Task directions: Your answer must be an exact copy of the data, without any pictures.

Input data:
▽
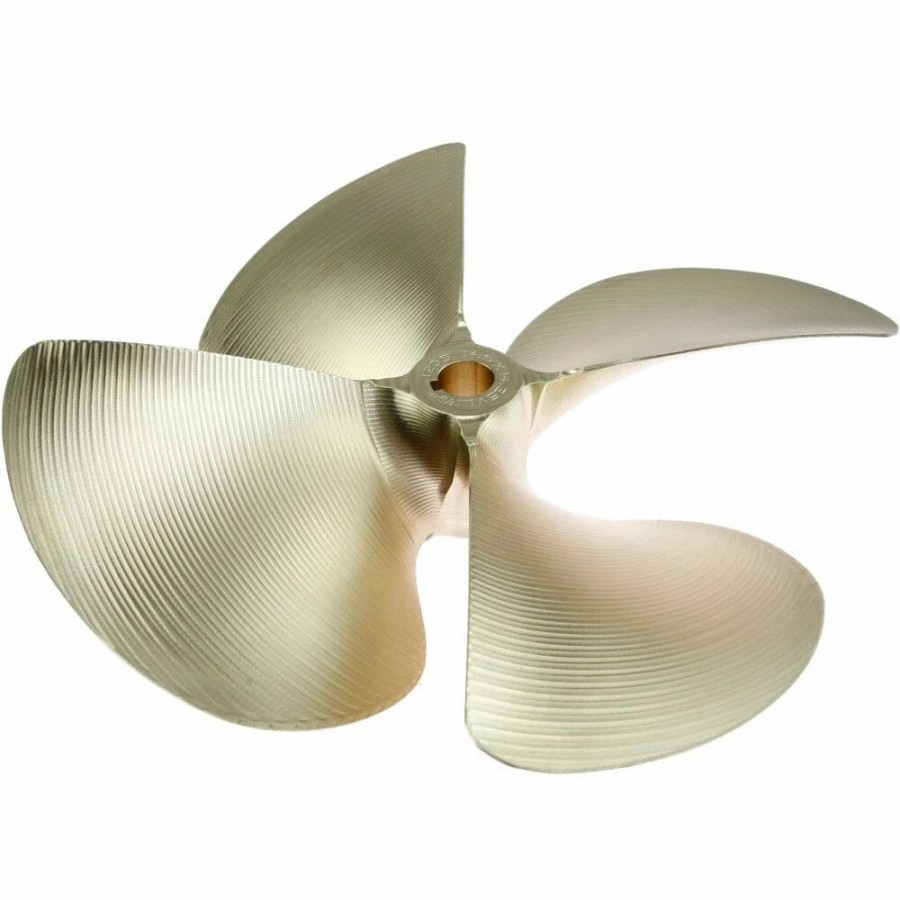 Propellers & Accessories * | Acme 1941 4 Blade 14.5 X 15.5 Propeller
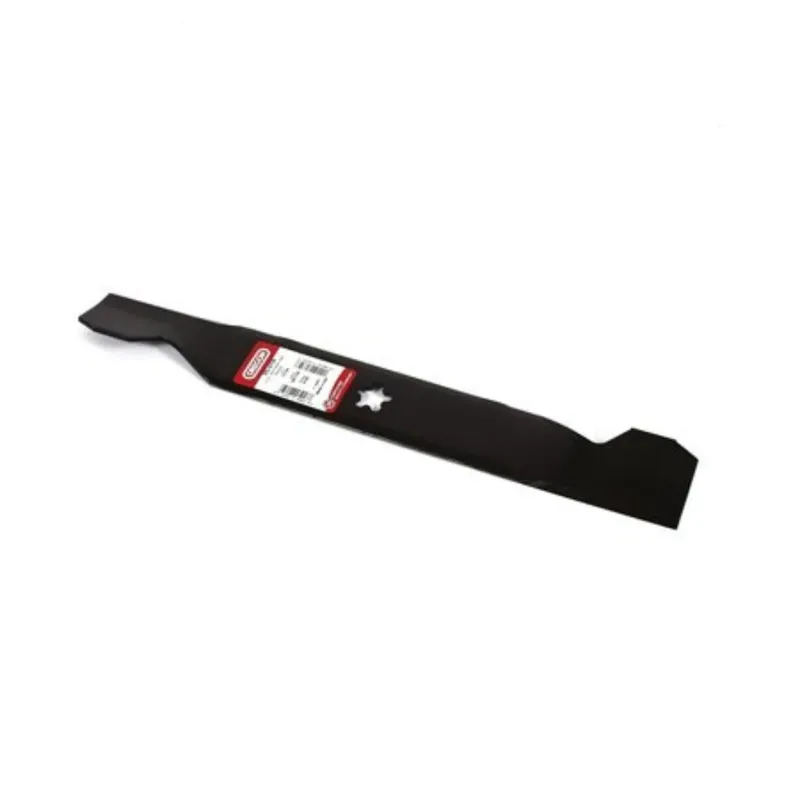 Brand New Oregon 195-018 Blade, AYP 532137380, 17-3/8"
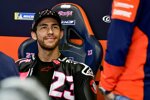 Enea Bastianini (Ducati) 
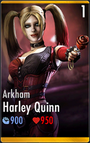 Harley Quinn - Arkham (HD).png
△
Your solution:
 Propellers & Accessories * | Acme 1941 4 Blade 14.5 X 15.5 Propeller
 Brand New Oregon 195-018 Blade, AYP 532137380, 17-3/8"
 Enea Bastianini (Ducati) 
 Harley Quinn - Arkham (HD).png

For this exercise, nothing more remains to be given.